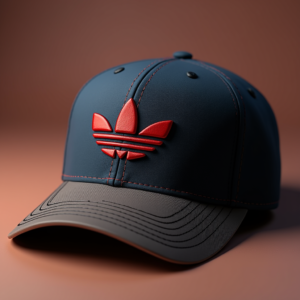 Logo — Embroidered-style Emblem Mockup On A Structured Commercial Design #0251 (Dreamina)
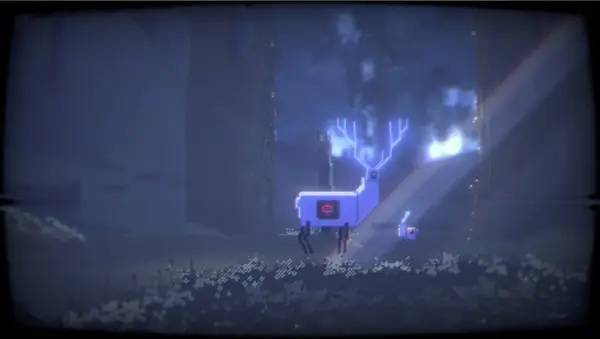 Процесс взаимодействия с другими участниками Narita Boy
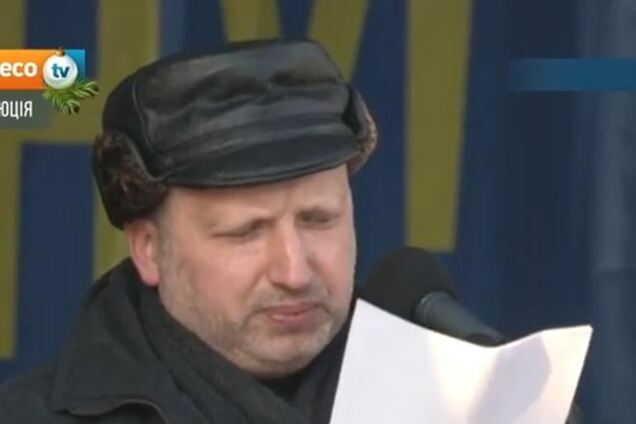 На вече приняли манифест ВО 'Майдан'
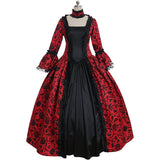 Women's Victorian Rococo Dress Inspiration Maiden Costume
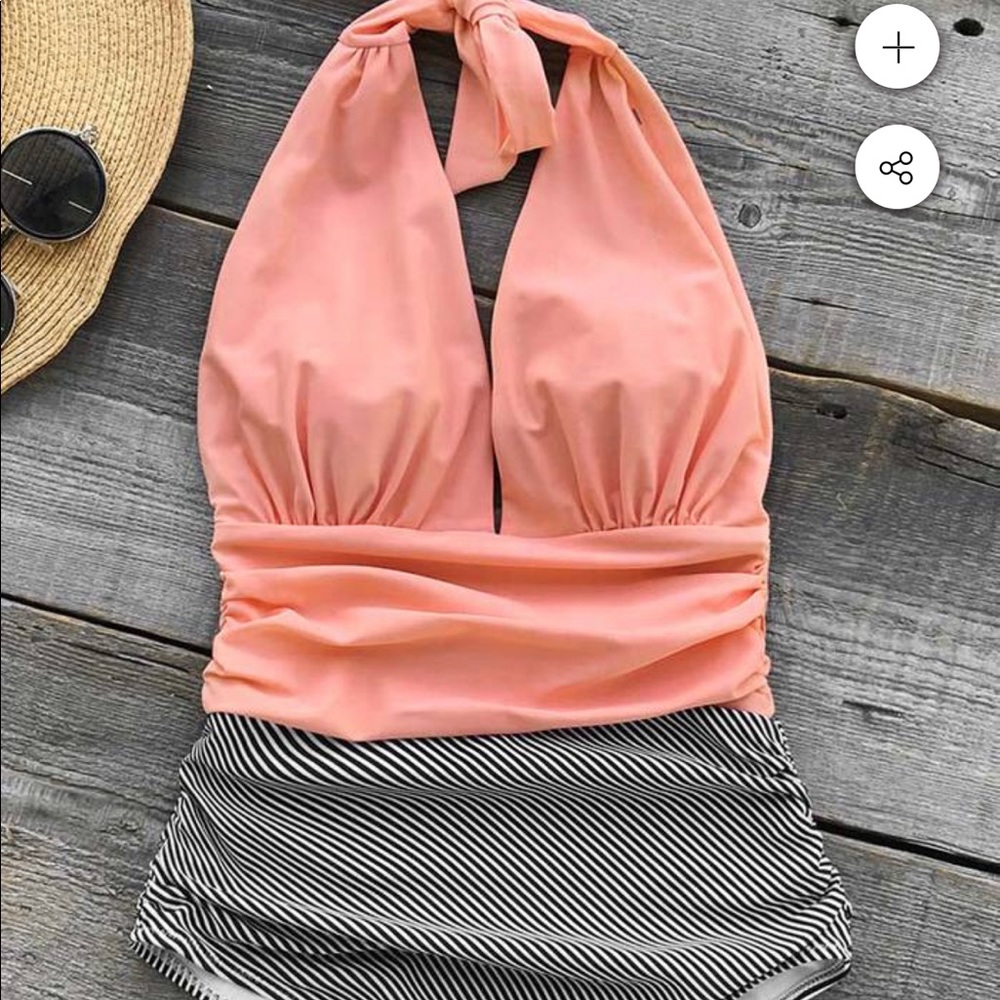 One piece cupshe bathing suit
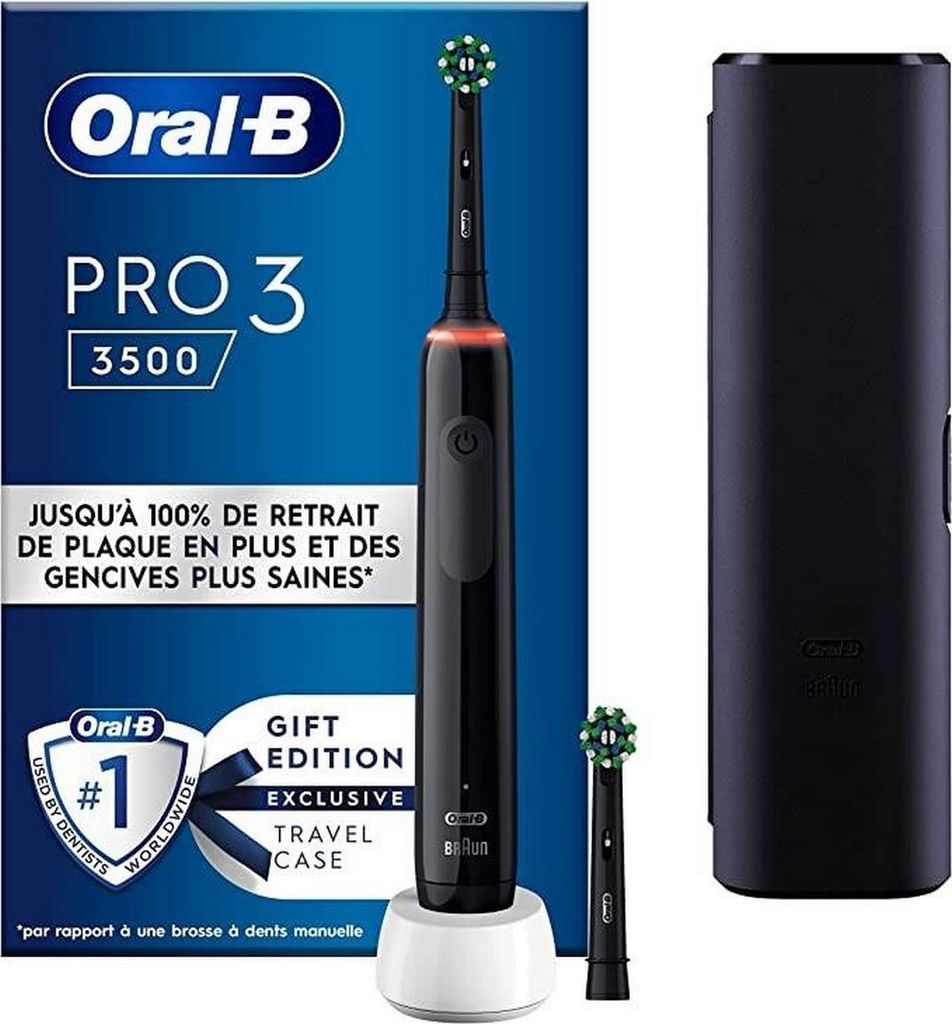 Oral-b brosse à dents électrique - Braun - PRO3500 - Image du produit 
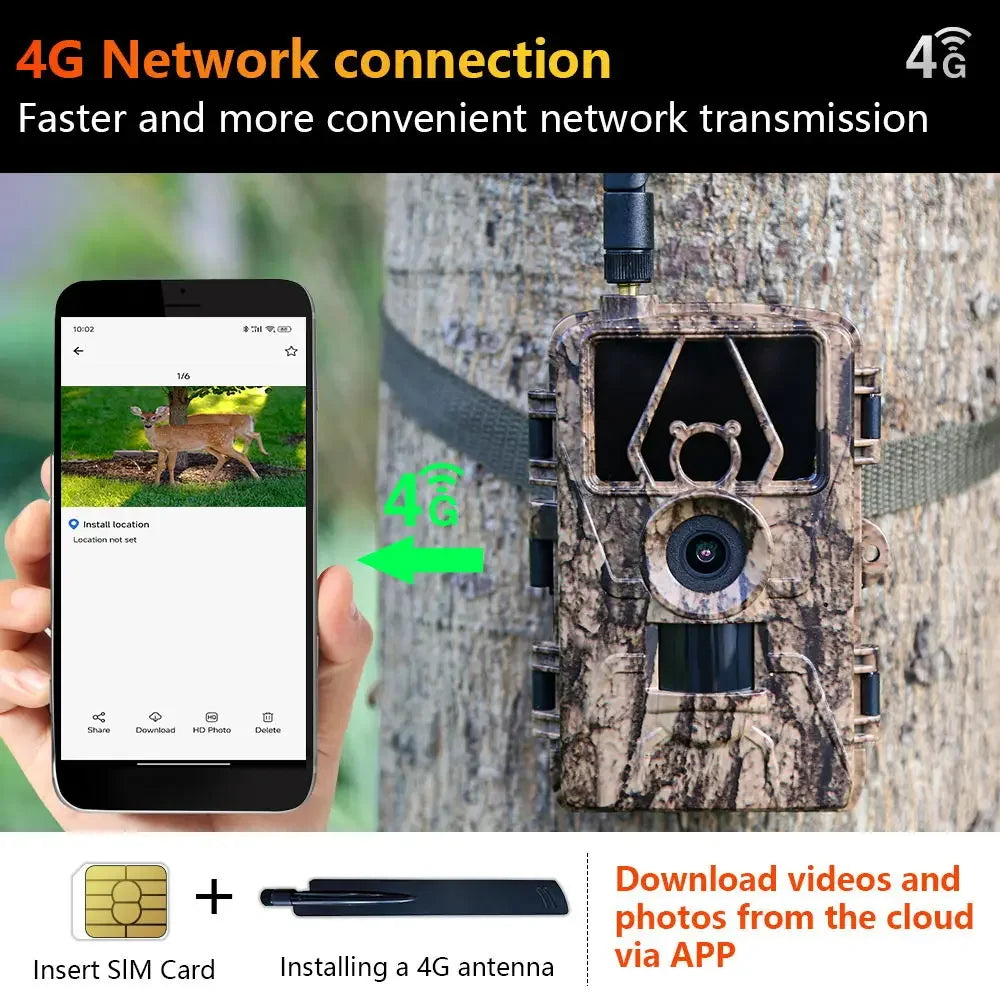 StealthVision Pro 8K Video Trail Camera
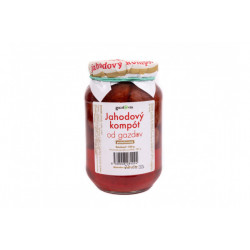 Jahodový kompót od Gazdov 430g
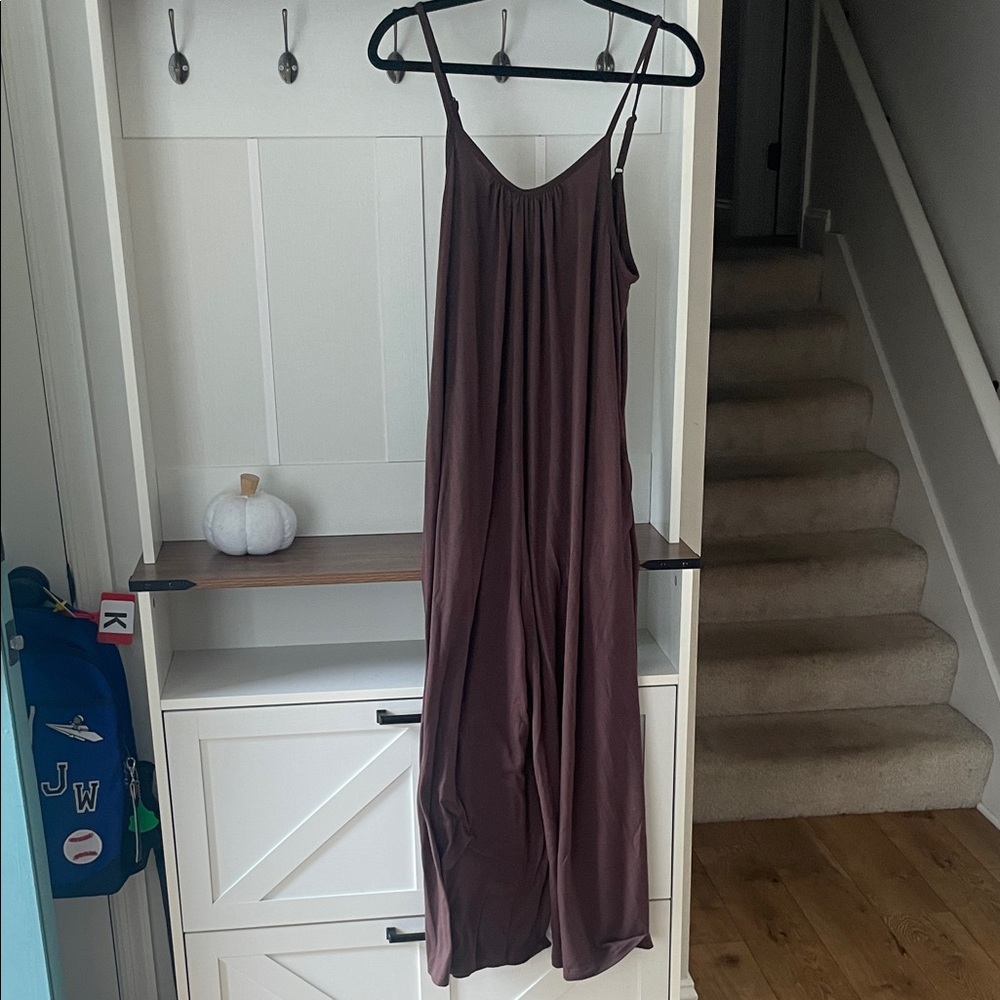 Amazon Brown Jumpsuit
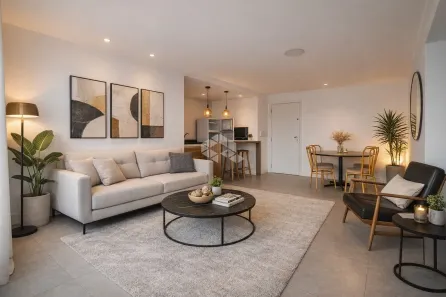 Apartamento com 1 Quarto à venda, 47m² no Jardim Botânico, Porto Alegre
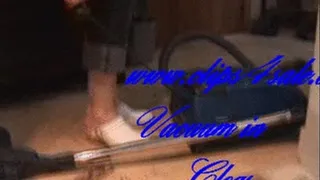 Vacuum In Clogs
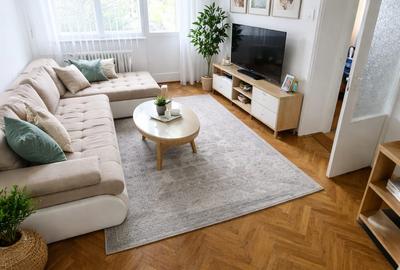 Apartament  2camere in Ghergheni pet-friendly, 55mp,et.3/4,mobilat,utilat - 1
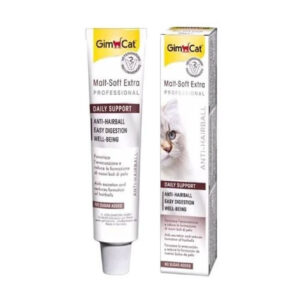 (جیم کت) خمیر مالت گربه آنتی هیربال سافت اکسترا 20 گرمی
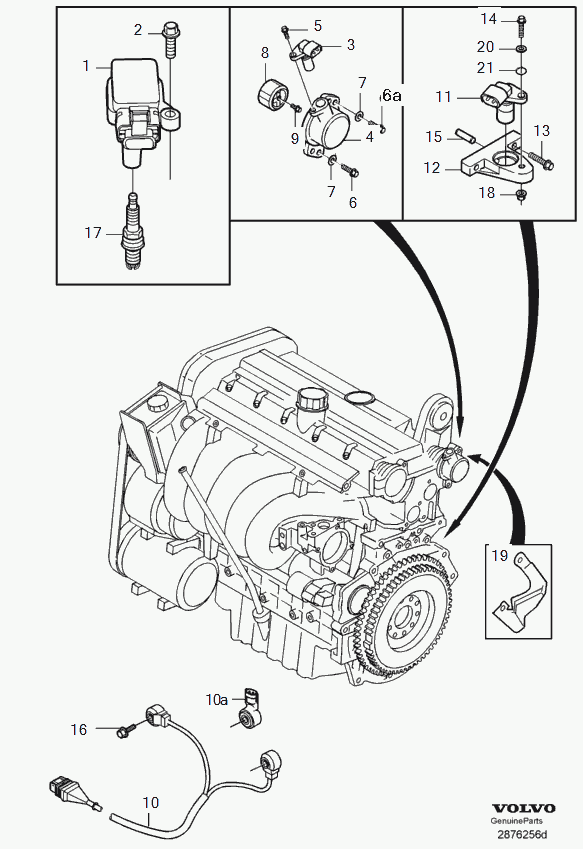 Volvo 8692071 - Bujía de encendido parts5.com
═══
Restate, word for word and without pictures, the lines from the line containing "Apartamento com 1" to the last line of the records above.

 Apartamento com 1 Quarto à venda, 47m² no Jardim Botânico, Porto Alegre
 Vacuum In Clogs
 Apartament  2camere in Ghergheni pet-friendly, 55mp,et.3/4,mobilat,utilat - 1
 (جیم کت) خمیر مالت گربه آنتی هیربال سافت اکسترا 20 گرمی
 Volvo 8692071 - Bujía de encendido parts5.com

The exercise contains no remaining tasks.